Charles Ross Lyall (3 October 1880 – 4 June 1950) was a career soldier who played first-class cricket for Somerset in two matches in the 1911 season.[1] He was born in Calcutta, India and died at Basingstoke, Hampshire.
Lyall was an officer in the British Indian Army from 1900 to 1933. He graduated from the Royal Military College in 1900 as a "Queen's India cadet" and placed on the unattached list as a second lieutenant.[2] In 1901, he was moved from the unattached list to the Indian Staff Corps.[3] In 1902 he was promoted to full lieutenant.[4] The only cricket played by Lyall that is recorded from this period is a single non-first-class three-day match for the North-West Frontier Province against the Punjab cricket team in late 1903, in which Lyall played as a lower order batsman.[5]
In 1909, Lyall was promoted to captain and attached to the 36th Sikhs regiment of the Indian army.[6] In 1911, he appears to have been in England for some time during the cricket season: he played in one County Championship match against Yorkshire in May, scoring an unbeaten 21 in the first innings and 8 in the second.[7] Two months later, he followed that with a second first-class match, this time against the touring Indian cricket team, in which he scored 15 and 11 not out.[8] That was the extent of his first-class cricket and left him with the odd statistic of a batting average higher (at 27.50 runs per innings) than his highest score.
Lyall returned to the Indian army.

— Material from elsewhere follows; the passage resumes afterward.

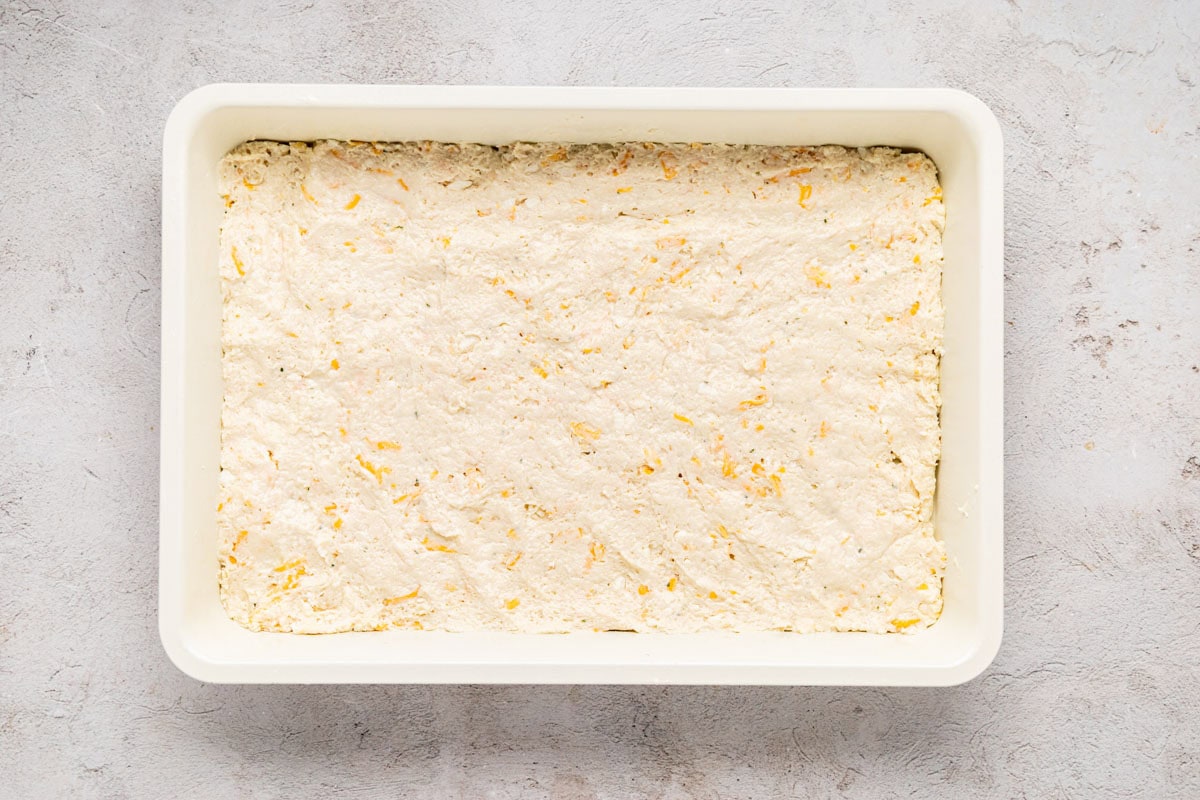 Cheddar bay biscuit dough spread in the bottom of a baking dish.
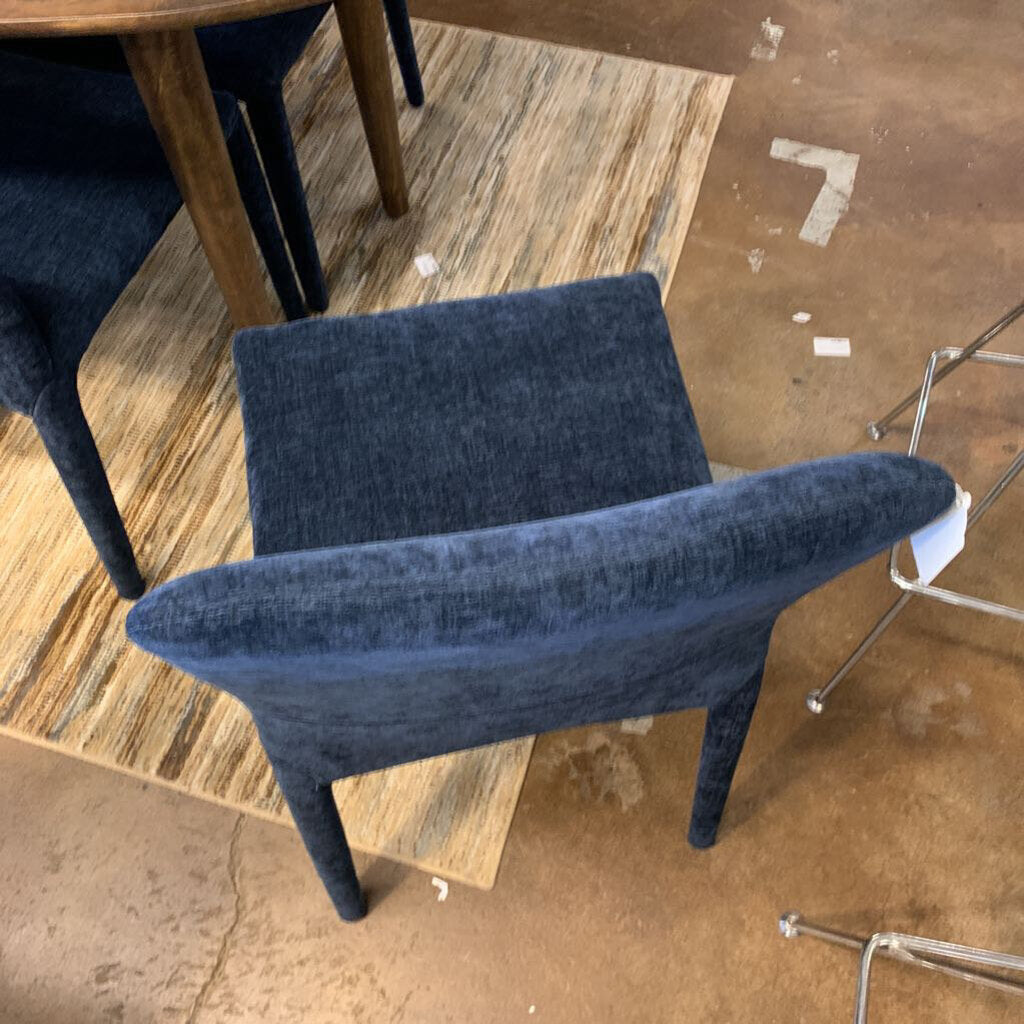 Blue chair on a wooden floor with other furniture partially visible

In 1916, he was promoted temporarily from captin to major in the 36th Sikhs.[9] In 1919, there is a report in the London Gazette of a temporary promotion from major to lieutenant-colonel for a period of six days in 1918, while he commanded a battalion of 151st Indian Infantry.[10] In 1922, he is reported to have relinquished the rank of lieutenant-colonel at the end of a period of commanding a battalion within the 36th Sikhs.[11] By 1928, he is a full lieutenant-colonel, and temporarily moves on to the unemployed list before being reappointed to the Indian Army in July.[12] There was another similar temporary move into and then out of unemployed status in 1929.[13] Finally he retired from the Indian Army in 1933 with the rank of lieutenant-colonel.[14]